> Aim of the exercise:
Below this line are records; write out exactly the lines from the one containing "Neretva bread maker" through the one containing "вероятности. Линии показывают", with the pictures left out.
*** Provided material Section Begins ***
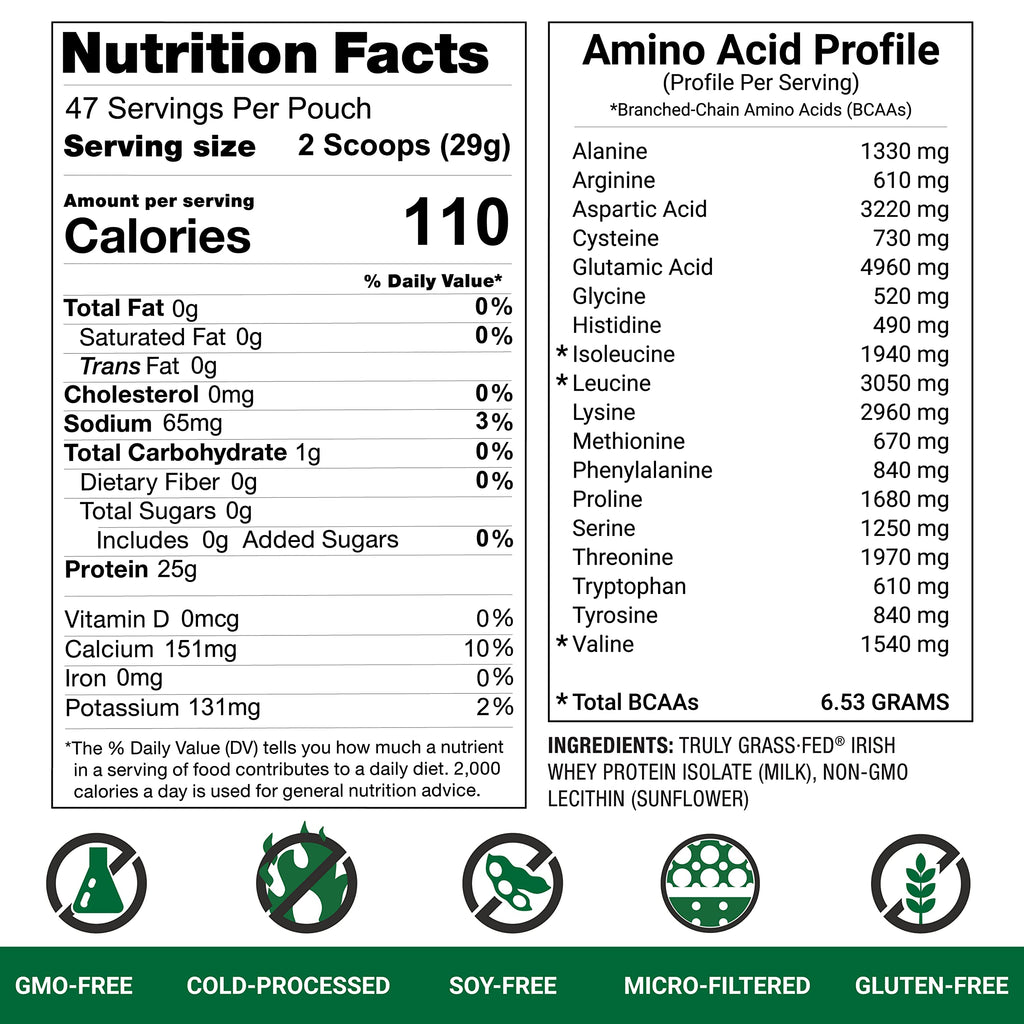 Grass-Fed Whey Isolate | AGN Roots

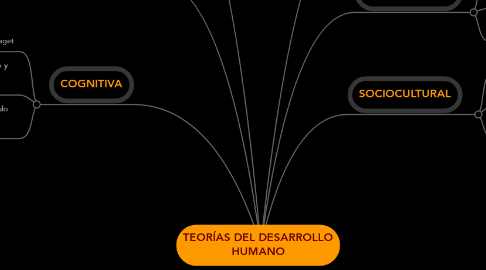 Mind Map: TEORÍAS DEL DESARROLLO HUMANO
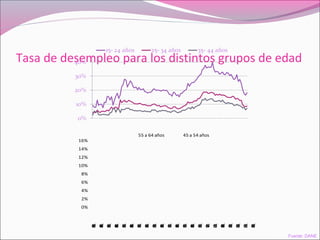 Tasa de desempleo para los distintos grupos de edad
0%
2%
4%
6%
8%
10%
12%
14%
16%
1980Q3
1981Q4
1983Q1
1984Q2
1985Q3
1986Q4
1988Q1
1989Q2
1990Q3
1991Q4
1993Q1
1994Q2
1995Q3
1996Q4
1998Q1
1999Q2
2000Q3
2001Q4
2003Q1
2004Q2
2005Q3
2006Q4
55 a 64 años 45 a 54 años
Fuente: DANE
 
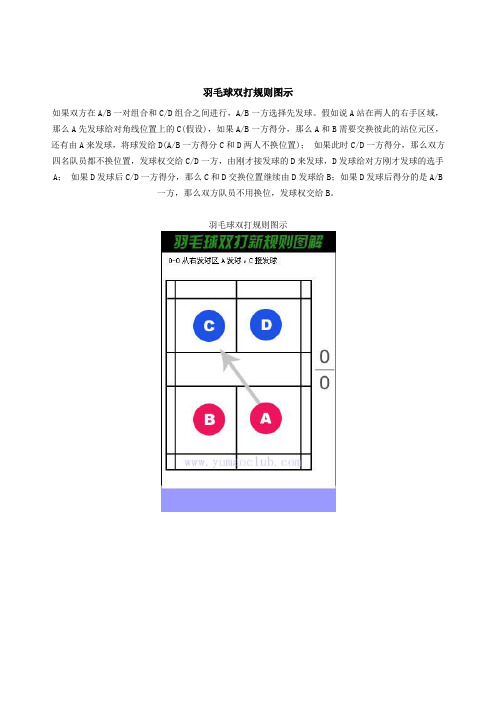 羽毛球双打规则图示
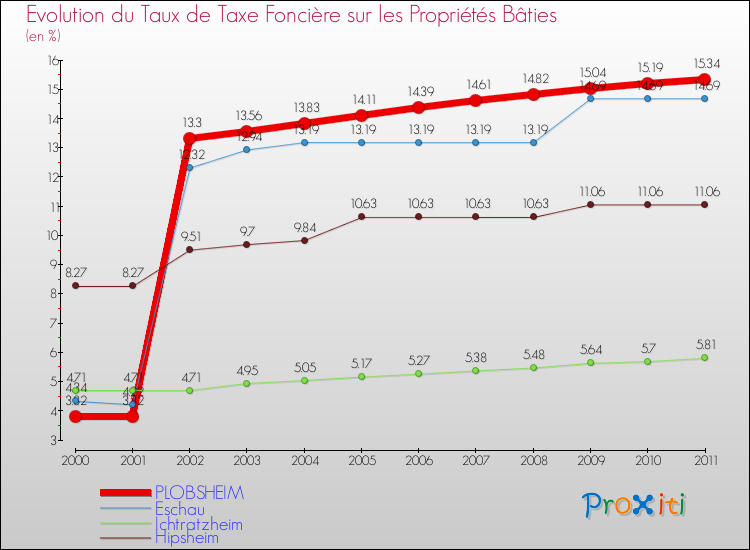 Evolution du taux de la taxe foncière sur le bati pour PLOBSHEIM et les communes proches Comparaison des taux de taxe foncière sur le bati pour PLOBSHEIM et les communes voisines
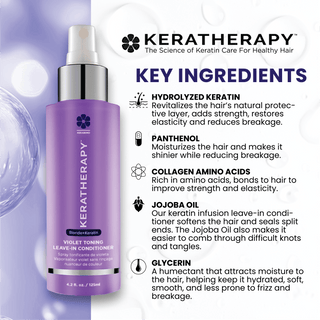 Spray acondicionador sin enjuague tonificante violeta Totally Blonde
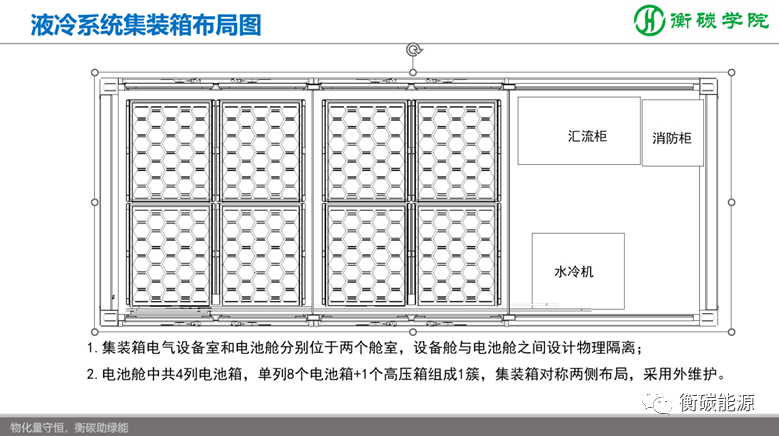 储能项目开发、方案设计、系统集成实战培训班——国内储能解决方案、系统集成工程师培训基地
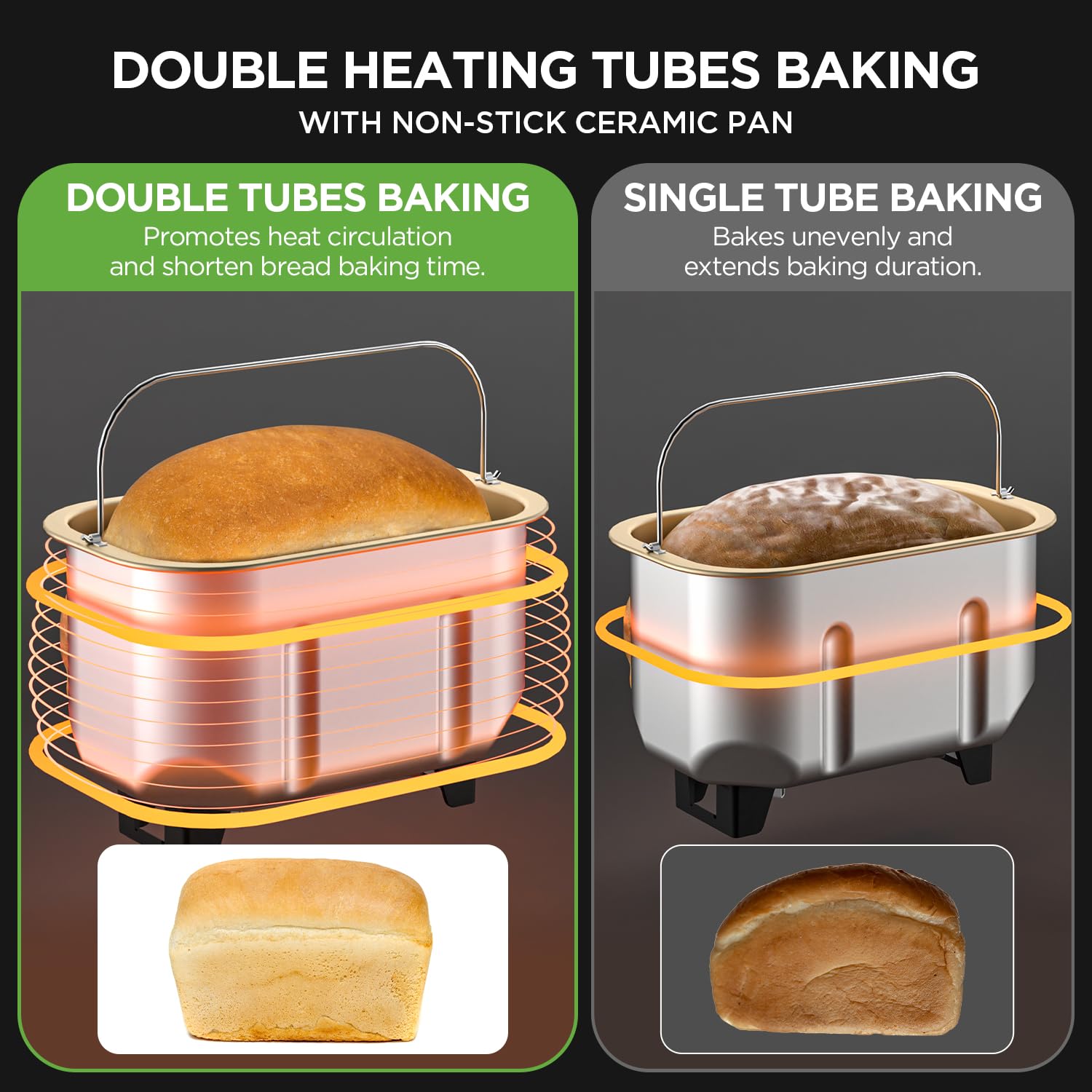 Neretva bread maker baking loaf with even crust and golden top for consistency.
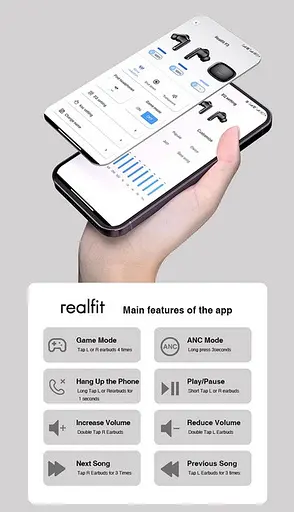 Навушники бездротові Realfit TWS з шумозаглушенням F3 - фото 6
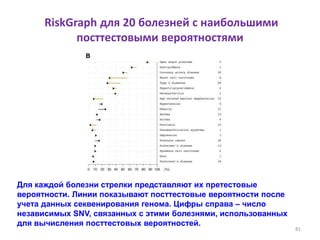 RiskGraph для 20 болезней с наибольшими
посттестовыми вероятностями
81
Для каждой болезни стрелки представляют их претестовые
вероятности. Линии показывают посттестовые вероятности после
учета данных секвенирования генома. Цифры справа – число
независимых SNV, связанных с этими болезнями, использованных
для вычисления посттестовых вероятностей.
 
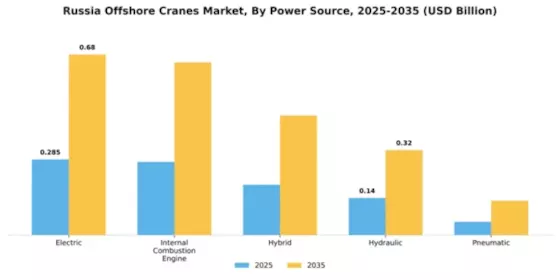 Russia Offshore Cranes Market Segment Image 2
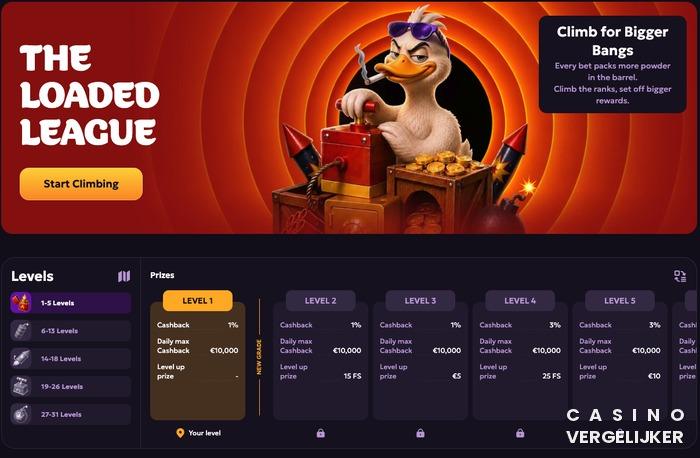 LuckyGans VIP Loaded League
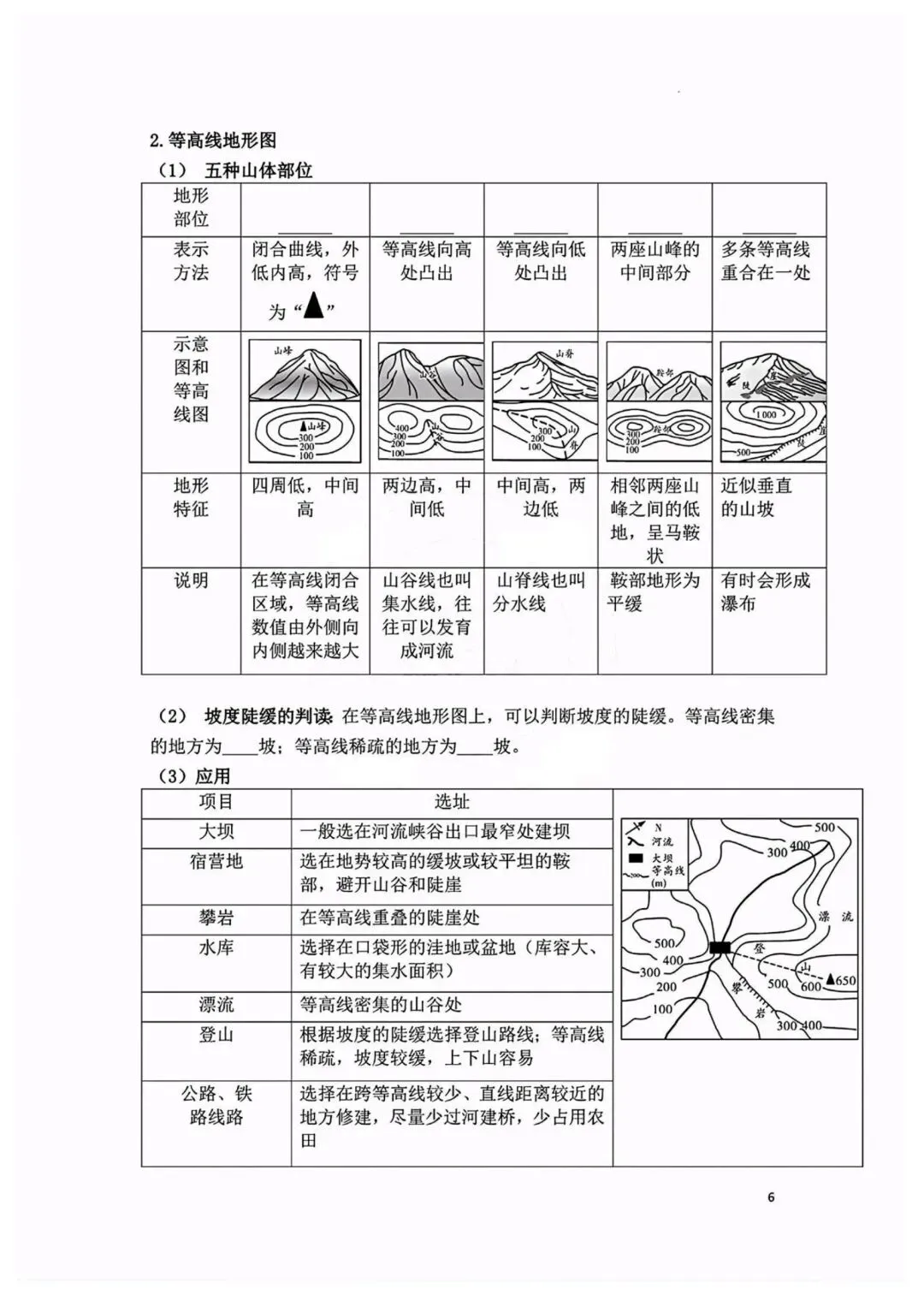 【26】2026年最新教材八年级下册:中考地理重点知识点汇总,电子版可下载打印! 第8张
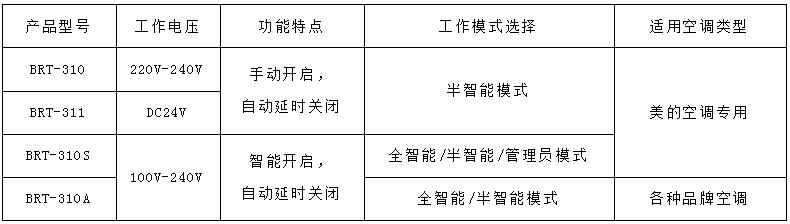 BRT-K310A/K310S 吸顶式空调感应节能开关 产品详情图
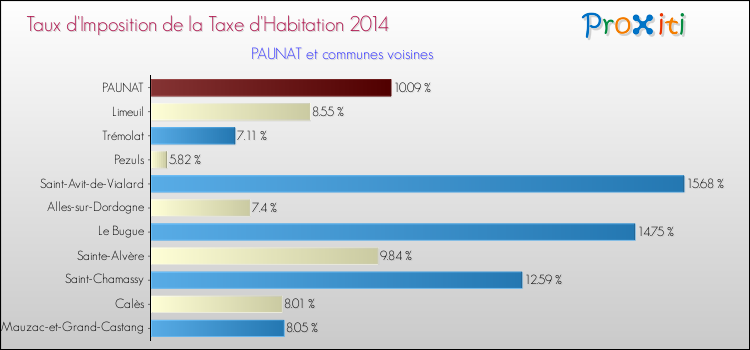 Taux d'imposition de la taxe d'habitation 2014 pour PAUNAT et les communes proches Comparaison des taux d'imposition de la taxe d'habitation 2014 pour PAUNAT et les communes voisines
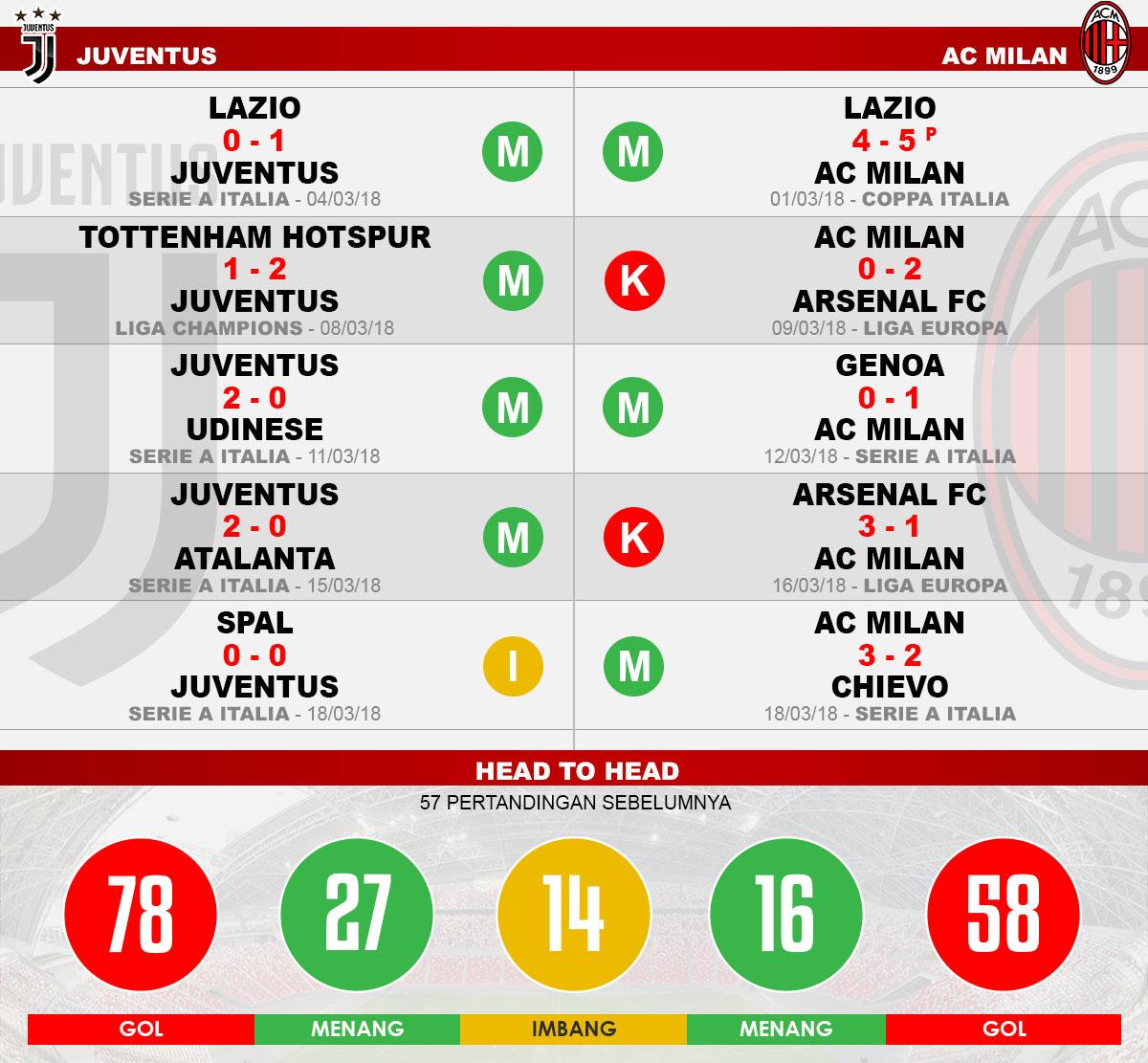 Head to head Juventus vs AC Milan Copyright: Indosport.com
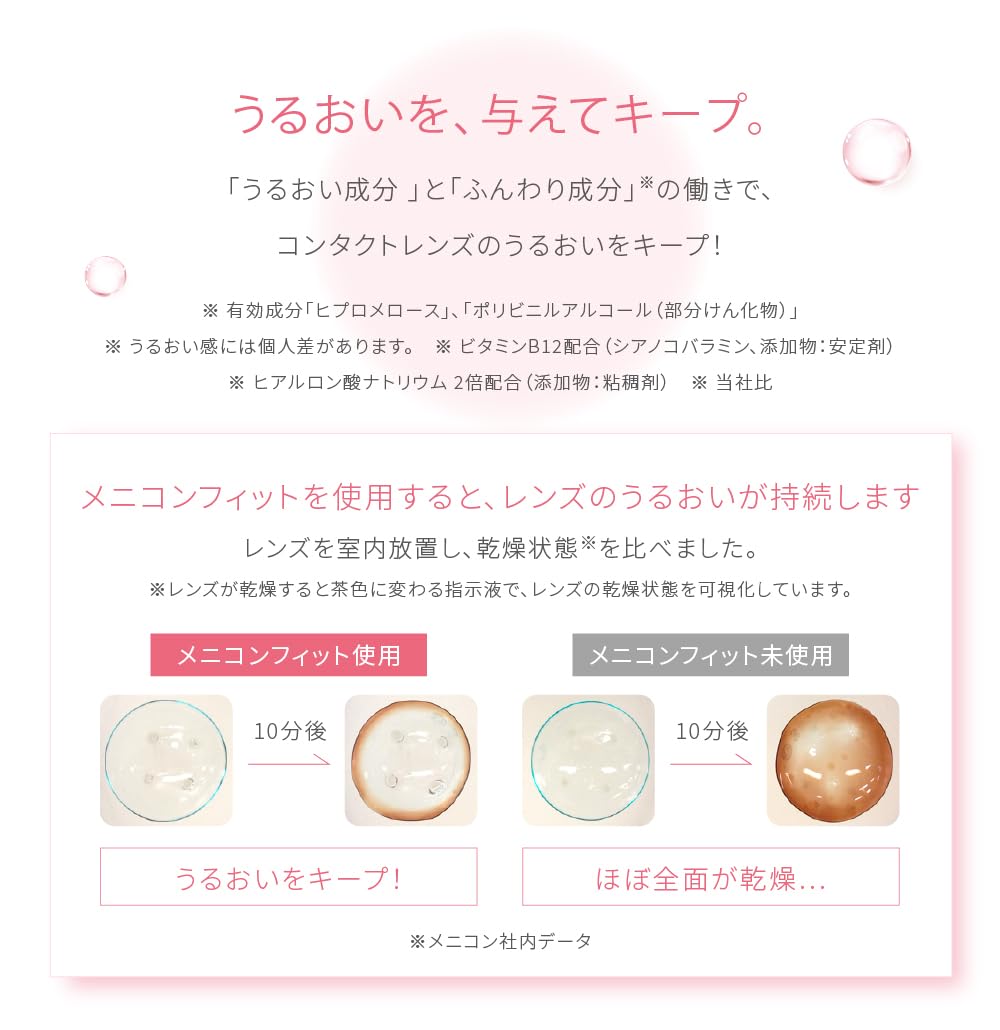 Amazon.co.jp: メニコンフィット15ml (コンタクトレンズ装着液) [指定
*** Provided material Section Ends ***
> Task result:
 Neretva bread maker baking loaf with even crust and golden top for consistency.
 Навушники бездротові Realfit TWS з шумозаглушенням F3 - фото 6
 RiskGraph для 20 болезней с наибольшими
посттестовыми вероятностями
81
Для каждой болезни стрелки представляют их претестовые
вероятности. Линии показывают посттестовые вероятности после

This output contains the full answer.